** EXERCISE REQUIREMENTS **
Copy the listing exactly; drop the pictures.

** DATA SEGMENT **
· · ·
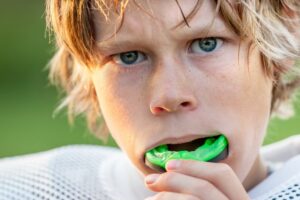 Young boy with mouthguard in.
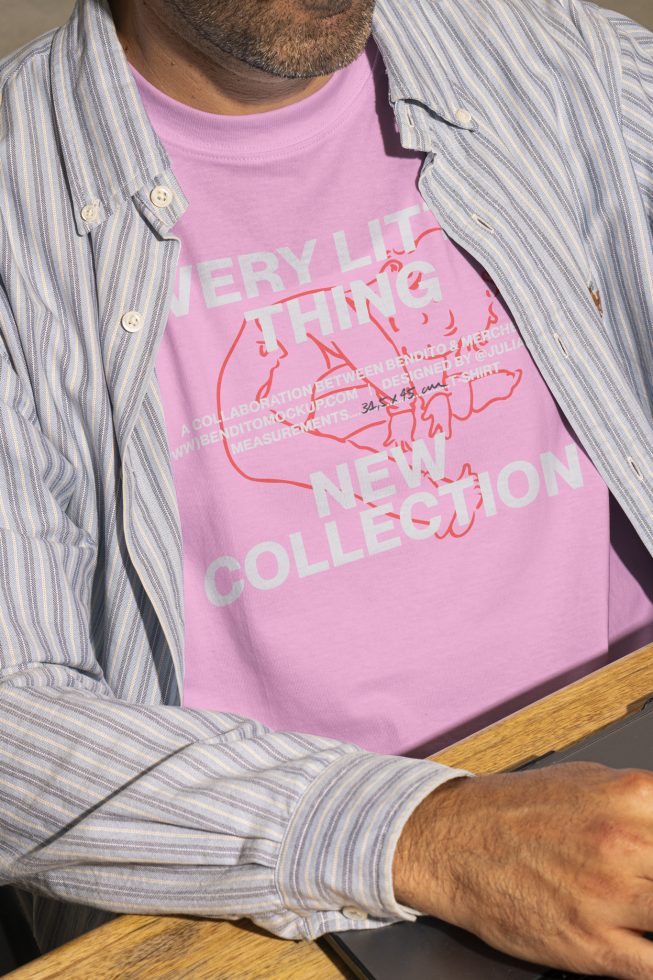 Man wearing a purple t-shirt with a printed design and a striped button-up shirt over it. Ideal for apparel mockups, t-shirt graphics designers.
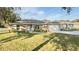 Charming one-story home with a well-manicured lawn, stone accents, and inviting curb appeal at 9285 Se Highway 42, Summerfield, FL 34491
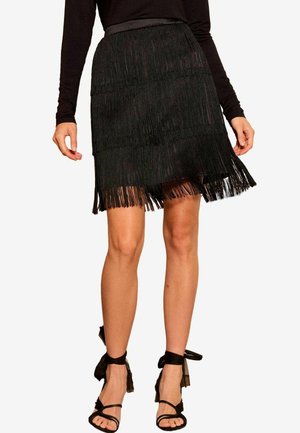 Czarna spódnica z frędzlami o warstwowej fakturze, z prostym dołem i dopasowanym pasem. Połączona z czarnymi sandałami na paski.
· · ·
** TASK ANSWER **
 Young boy with mouthguard in.
 Man wearing a purple t-shirt with a printed design and a striped button-up shirt over it. Ideal for apparel mockups, t-shirt graphics designers.
 Charming one-story home with a well-manicured lawn, stone accents, and inviting curb appeal at 9285 Se Highway 42, Summerfield, FL 34491
 Czarna spódnica z frędzlami o warstwowej fakturze, z prostym dołem i dopasowanym pasem. Połączona z czarnymi sandałami na paski.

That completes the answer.